Monday, April 21, 2008

The Idiot

Late last night I finally finished Fyodor Dostoevsky's novel about a "positively good man." The Idiot is both an intimate novel, centered on one man - the "idiot" and the people he knows - and a sweeping one, covering not only the spectrum of humanity, but also faith, politics, and psychology. That's pretty typical for Dostoevsky, but this novel's weak plot arc accentuates the variety to a high degree.

The idiot is Prince Lev Nikolaeyevich Myshkin, introduced at the beginning of the work as a young man returning to his home country from Switzerland. There he successfully underwent treatment for "falling sickness" - epilepsy. He's introduced as a destitute and homeless traveler, coming to a country he hardly remembers. His benefactor has died, and he has no source of income. Nevertheless, he has hope to meet his only surviving family member and to make his way in Petersburg.

On the train he meets another young man, a passionate scoundrel named Parfyon Semyonovich Rogozhin (Russian names are the best). Rogozhin is also returning to Petersburg, but he has only been gone a few months. He fled in a fever after having stolen a great sum of money from his father in order to buy diamonds for a woman. The woman is Nastasya Filipovna, a prideful beauty that suffers under the cloud of having been raised as a kept woman by a lecherous rich man. Rogozhin's father has now died (his death hastened by his son's betrayal), and Rogozhin has come into an inheritance that he plans to use to buy out Nastasya Filipovna. Despite their contrasting natures, Rogozhin and the Prince hit it off. However, their friendship will eventually turn to rivalry.

I won't go into the rest of the plot here, simply because it's a long book and I wasn't sure where it was going until the very end. I was surprised to find that, though the book is about a "positively good man," and is thus in some ways of lighter tone than the Brothers Karamazov or Crime and Punishment, it is also more tragic. It is, in fact, a tragedy - in a very classical sense. However, the protagonist completely lacks hubris, and so the tragic paradigm is inverted. This is very curious. If the paradigmatic ancient Greek was Oedipus, and his destruction encapsulates the hopeless universe that Sophocles inhabited, what does the failure of Prince Myshkin represent in Dostoevsky's essentially Christian universe?

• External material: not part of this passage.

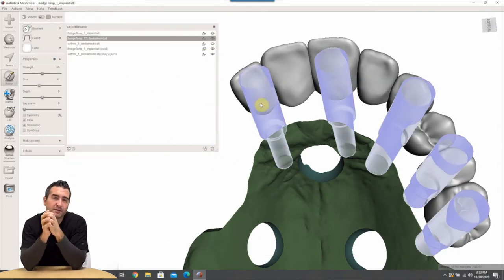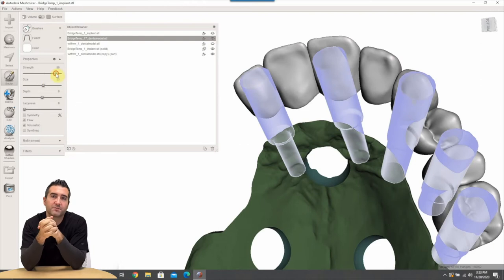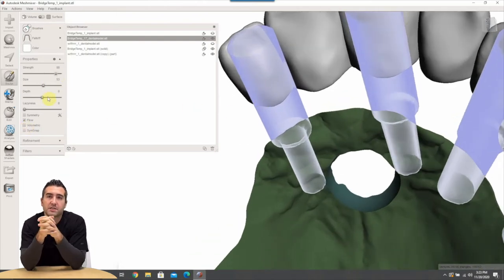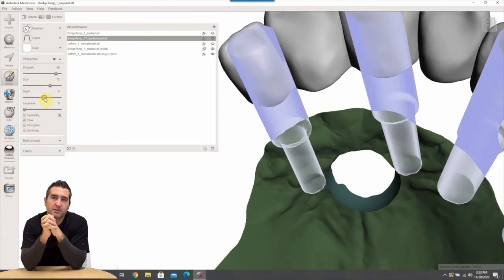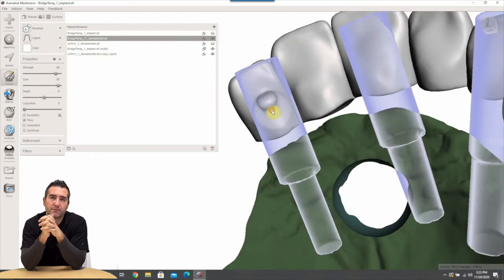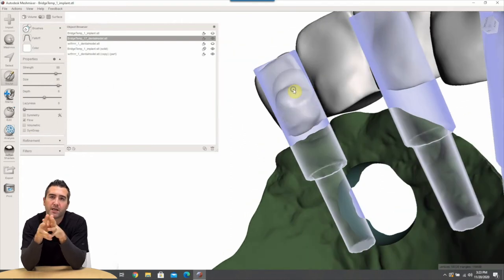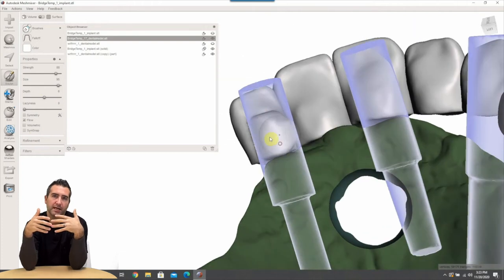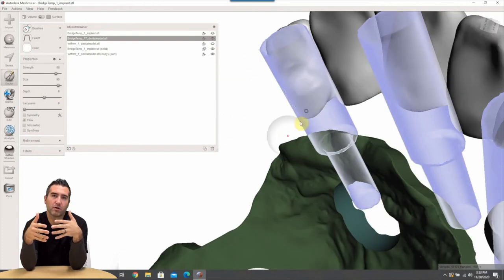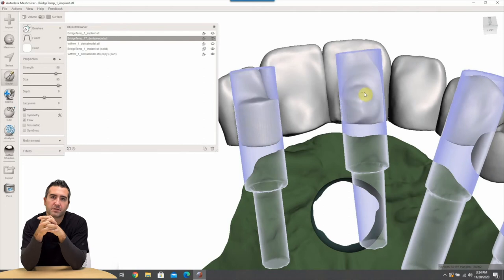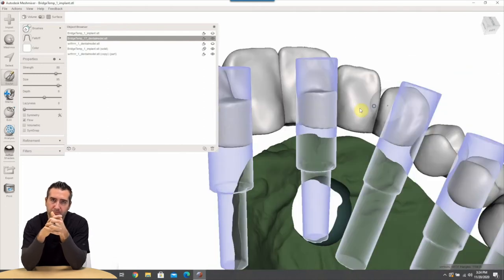So the next thing is, and this probably is an oversight on our part on the wax up, but the linguals are deficient based off of the implant locations. So we're going to go ahead and make the implant extension tubes magnetic and we're going to use the attract tool and we're just going to go ahead and boost those linguals out and they'll go all the way to the most palatal aspect of those extension tubes.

That's the kind of powerful question that the book leaves with its readers. I loved this book, and I love it more now than ever - indeed, my love for it is still growing as I consider it. But, I don't think I'd recommend it as an introduction to Dostoevsky. Crime and Punishment is probably the most accessible (though very dark) of his works because of its focused nature and plot arc, and I might suggest someone start there. Of course, it wouldn't hurt to begin with The Brothers Karamazov, which everyone says is his master work, and certainly is one of the very best novels ever written.